_Try it_. In the records below, the line with "Sumitomo Z2C Splicing" opens the range and the line with "New Moon Press Conf Comicon 2009 Part 2" closes it; print that range exactly and nothing else.

==============================

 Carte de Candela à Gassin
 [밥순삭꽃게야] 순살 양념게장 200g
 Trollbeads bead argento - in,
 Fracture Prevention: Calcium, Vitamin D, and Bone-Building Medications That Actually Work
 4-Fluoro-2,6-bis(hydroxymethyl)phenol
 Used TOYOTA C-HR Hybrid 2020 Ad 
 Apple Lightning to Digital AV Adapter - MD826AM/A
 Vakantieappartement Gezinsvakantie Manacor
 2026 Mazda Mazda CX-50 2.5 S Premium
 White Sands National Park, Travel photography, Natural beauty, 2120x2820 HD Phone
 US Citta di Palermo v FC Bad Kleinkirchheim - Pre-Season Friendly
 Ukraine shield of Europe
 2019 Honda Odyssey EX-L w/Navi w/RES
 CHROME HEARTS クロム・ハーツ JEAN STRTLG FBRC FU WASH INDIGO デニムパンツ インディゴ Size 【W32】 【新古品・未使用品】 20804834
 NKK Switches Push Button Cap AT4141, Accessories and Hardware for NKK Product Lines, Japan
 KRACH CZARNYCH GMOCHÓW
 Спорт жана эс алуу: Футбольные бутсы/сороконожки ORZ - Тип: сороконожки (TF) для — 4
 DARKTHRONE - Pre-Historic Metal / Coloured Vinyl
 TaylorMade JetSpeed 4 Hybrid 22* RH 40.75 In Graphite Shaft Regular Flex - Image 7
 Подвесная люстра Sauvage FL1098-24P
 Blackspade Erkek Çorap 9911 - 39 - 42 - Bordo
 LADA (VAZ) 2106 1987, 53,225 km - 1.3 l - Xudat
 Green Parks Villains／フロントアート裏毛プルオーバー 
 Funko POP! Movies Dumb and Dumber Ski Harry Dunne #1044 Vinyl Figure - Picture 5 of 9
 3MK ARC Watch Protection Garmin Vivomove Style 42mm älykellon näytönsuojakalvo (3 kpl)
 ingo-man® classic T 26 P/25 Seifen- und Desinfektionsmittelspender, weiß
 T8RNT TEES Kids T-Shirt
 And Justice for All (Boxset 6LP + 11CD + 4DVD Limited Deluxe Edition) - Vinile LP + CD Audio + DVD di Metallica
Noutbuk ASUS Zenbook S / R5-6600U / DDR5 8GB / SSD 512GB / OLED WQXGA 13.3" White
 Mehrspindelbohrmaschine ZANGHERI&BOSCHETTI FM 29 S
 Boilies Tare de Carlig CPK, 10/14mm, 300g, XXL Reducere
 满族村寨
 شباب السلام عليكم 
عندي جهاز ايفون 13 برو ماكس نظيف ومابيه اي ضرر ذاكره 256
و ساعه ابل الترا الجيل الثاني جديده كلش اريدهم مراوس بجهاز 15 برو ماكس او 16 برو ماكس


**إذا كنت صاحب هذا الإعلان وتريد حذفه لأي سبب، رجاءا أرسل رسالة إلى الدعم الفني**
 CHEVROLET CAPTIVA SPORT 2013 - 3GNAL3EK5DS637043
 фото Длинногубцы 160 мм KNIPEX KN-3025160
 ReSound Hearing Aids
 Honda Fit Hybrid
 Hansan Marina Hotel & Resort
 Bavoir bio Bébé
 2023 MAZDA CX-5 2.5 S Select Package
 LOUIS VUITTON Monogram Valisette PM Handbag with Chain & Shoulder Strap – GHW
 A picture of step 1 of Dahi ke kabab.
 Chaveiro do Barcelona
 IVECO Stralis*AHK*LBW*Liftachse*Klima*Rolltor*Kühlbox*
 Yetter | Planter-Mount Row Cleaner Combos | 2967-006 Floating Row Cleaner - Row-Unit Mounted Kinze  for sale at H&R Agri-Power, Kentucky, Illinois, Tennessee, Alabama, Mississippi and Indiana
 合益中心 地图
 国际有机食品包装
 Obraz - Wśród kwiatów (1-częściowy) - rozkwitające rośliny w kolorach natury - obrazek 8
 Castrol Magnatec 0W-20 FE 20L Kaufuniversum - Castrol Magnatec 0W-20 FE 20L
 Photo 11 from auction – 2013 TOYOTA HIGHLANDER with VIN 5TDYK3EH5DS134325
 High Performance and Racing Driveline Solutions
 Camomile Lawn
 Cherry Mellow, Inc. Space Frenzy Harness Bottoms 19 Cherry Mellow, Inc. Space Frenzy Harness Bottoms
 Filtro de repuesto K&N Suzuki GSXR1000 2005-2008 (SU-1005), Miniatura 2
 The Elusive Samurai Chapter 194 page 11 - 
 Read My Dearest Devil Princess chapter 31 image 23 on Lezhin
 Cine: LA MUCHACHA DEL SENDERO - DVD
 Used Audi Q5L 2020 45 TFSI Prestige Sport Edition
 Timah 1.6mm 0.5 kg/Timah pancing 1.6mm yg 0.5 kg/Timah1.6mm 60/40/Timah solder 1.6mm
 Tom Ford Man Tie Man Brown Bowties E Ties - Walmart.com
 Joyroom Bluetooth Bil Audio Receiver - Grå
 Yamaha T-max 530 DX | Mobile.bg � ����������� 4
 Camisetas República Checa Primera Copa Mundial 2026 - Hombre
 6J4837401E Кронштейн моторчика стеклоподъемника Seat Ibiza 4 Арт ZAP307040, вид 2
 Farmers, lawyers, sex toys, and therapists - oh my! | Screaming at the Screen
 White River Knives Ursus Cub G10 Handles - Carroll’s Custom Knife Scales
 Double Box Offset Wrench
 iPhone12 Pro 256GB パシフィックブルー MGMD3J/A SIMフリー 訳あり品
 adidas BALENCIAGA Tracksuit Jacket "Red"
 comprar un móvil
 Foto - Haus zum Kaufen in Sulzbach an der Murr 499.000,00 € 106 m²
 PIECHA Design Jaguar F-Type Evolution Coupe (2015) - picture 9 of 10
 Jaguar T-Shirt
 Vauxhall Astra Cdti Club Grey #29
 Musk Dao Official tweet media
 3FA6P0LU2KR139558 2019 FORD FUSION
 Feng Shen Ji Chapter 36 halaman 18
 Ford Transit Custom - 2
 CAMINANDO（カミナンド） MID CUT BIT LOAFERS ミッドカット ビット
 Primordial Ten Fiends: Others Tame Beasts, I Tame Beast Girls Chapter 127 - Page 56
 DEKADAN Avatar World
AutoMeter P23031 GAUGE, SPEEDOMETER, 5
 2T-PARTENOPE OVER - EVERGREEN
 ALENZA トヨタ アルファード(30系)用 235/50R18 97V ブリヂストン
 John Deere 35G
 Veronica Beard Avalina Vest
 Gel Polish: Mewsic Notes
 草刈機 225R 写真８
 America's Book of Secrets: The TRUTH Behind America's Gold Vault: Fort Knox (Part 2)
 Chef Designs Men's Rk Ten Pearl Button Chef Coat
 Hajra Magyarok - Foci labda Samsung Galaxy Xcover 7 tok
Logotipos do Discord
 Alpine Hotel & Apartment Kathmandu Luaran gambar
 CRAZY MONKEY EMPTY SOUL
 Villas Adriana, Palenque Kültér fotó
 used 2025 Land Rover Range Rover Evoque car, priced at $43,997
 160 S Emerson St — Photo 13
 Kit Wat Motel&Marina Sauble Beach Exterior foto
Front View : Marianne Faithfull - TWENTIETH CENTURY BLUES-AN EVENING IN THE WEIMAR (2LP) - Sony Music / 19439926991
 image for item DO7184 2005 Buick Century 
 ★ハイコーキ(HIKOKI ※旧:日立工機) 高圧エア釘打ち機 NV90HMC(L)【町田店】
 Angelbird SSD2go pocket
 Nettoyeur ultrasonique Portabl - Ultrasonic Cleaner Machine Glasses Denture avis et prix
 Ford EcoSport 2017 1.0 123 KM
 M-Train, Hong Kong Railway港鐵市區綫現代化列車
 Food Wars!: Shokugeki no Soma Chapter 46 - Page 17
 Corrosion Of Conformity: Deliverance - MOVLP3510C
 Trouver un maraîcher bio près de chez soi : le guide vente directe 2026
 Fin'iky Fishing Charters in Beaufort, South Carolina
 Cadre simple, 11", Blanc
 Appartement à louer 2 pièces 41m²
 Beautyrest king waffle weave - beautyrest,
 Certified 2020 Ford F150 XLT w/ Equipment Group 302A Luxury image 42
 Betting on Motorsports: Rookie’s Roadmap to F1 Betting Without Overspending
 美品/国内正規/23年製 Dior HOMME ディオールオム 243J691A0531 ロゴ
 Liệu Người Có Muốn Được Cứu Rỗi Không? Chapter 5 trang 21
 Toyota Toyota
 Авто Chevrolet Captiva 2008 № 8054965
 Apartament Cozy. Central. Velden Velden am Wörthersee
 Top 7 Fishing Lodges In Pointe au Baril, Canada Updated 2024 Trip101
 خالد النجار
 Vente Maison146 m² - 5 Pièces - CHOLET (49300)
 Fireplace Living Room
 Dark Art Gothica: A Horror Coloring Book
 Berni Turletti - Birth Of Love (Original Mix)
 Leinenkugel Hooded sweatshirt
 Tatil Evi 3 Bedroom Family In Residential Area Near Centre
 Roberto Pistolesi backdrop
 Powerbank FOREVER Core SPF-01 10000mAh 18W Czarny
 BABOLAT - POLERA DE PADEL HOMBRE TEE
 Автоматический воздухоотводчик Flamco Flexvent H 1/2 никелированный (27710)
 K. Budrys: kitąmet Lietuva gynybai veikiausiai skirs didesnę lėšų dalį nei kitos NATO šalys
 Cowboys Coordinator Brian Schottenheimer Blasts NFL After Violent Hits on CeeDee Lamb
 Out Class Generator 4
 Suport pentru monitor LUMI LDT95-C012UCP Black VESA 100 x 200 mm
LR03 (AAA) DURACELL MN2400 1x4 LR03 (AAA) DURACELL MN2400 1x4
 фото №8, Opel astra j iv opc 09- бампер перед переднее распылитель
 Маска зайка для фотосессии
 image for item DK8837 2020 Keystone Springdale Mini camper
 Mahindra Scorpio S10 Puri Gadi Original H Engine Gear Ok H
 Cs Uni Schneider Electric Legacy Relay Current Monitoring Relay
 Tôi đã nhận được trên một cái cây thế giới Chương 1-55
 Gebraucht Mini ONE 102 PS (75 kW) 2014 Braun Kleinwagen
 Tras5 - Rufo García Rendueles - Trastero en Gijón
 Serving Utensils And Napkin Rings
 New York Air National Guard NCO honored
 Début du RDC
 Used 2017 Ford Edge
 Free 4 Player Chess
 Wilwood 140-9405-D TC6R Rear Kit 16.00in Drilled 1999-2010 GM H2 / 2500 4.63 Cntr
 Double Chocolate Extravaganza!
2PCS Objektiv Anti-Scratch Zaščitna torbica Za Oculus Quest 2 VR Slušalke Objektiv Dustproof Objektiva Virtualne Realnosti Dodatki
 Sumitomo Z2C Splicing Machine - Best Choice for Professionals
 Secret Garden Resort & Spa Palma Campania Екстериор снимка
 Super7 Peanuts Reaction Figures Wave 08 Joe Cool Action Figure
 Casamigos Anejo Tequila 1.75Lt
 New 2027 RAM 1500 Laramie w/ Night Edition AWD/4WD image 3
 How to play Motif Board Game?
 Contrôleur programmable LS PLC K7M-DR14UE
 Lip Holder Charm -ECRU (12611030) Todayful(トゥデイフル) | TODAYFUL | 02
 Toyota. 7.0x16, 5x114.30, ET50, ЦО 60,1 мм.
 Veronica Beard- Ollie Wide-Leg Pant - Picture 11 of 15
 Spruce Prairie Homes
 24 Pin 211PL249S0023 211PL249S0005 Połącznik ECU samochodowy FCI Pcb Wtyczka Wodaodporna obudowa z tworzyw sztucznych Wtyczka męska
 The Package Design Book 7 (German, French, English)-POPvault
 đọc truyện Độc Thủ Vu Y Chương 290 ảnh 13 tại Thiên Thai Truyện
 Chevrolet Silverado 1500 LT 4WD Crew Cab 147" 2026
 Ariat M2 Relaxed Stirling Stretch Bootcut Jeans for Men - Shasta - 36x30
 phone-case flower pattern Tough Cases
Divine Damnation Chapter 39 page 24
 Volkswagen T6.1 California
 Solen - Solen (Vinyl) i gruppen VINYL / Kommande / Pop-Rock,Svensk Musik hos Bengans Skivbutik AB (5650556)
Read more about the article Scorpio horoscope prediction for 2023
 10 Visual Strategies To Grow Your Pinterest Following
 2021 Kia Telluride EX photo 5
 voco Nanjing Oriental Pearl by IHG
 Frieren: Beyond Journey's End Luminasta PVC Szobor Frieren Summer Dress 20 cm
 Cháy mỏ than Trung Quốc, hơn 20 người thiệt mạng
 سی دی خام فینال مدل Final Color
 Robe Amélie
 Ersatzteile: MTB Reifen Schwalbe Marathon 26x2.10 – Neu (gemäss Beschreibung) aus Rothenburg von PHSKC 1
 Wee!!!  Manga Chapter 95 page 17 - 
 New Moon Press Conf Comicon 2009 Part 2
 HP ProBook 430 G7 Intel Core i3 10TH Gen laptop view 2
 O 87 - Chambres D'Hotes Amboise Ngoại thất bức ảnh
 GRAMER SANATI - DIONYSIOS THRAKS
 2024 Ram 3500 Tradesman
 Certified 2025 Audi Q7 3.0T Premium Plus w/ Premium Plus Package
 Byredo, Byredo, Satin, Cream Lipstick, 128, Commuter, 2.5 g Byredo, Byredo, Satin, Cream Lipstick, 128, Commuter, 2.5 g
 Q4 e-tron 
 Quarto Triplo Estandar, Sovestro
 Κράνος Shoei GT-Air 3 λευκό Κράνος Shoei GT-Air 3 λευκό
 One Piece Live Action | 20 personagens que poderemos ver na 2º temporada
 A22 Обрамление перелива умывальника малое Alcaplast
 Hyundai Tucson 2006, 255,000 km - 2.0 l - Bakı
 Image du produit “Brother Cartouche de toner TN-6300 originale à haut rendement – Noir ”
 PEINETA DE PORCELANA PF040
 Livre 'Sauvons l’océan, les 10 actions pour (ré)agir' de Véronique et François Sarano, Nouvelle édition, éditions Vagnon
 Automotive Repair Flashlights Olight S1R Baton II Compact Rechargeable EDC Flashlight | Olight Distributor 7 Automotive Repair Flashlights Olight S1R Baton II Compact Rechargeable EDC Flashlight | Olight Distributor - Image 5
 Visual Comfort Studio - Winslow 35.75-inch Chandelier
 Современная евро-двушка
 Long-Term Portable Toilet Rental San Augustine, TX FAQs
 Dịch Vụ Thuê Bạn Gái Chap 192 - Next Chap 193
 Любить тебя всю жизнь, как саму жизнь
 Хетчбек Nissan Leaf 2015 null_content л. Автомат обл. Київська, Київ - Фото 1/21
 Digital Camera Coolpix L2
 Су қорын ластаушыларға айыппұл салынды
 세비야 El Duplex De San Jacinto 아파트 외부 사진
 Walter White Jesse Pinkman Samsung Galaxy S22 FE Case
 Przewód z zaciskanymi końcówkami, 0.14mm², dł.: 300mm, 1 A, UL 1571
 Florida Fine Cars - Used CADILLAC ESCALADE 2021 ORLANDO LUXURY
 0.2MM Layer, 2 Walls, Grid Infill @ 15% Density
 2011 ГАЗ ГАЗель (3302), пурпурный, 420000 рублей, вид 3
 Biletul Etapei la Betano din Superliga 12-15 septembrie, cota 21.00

==============================

_Exercise response_.
 Sumitomo Z2C Splicing Machine - Best Choice for Professionals
 Secret Garden Resort & Spa Palma Campania Екстериор снимка
 Super7 Peanuts Reaction Figures Wave 08 Joe Cool Action Figure
 Casamigos Anejo Tequila 1.75Lt
 New 2027 RAM 1500 Laramie w/ Night Edition AWD/4WD image 3
 How to play Motif Board Game?
 Contrôleur programmable LS PLC K7M-DR14UE
 Lip Holder Charm -ECRU (12611030) Todayful(トゥデイフル) | TODAYFUL | 02
 Toyota. 7.0x16, 5x114.30, ET50, ЦО 60,1 мм.
 Veronica Beard- Ollie Wide-Leg Pant - Picture 11 of 15
 Spruce Prairie Homes
 24 Pin 211PL249S0023 211PL249S0005 Połącznik ECU samochodowy FCI Pcb Wtyczka Wodaodporna obudowa z tworzyw sztucznych Wtyczka męska
 The Package Design Book 7 (German, French, English)-POPvault
 đọc truyện Độc Thủ Vu Y Chương 290 ảnh 13 tại Thiên Thai Truyện
 Chevrolet Silverado 1500 LT 4WD Crew Cab 147" 2026
 Ariat M2 Relaxed Stirling Stretch Bootcut Jeans for Men - Shasta - 36x30
 phone-case flower pattern Tough Cases
Divine Damnation Chapter 39 page 24
 Volkswagen T6.1 California
 Solen - Solen (Vinyl) i gruppen VINYL / Kommande / Pop-Rock,Svensk Musik hos Bengans Skivbutik AB (5650556)
Read more about the article Scorpio horoscope prediction for 2023
 10 Visual Strategies To Grow Your Pinterest Following
 2021 Kia Telluride EX photo 5
 voco Nanjing Oriental Pearl by IHG
 Frieren: Beyond Journey's End Luminasta PVC Szobor Frieren Summer Dress 20 cm
 Cháy mỏ than Trung Quốc, hơn 20 người thiệt mạng
 سی دی خام فینال مدل Final Color
 Robe Amélie
 Ersatzteile: MTB Reifen Schwalbe Marathon 26x2.10 – Neu (gemäss Beschreibung) aus Rothenburg von PHSKC 1
 Wee!!!  Manga Chapter 95 page 17 - 
 New Moon Press Conf Comicon 2009 Part 2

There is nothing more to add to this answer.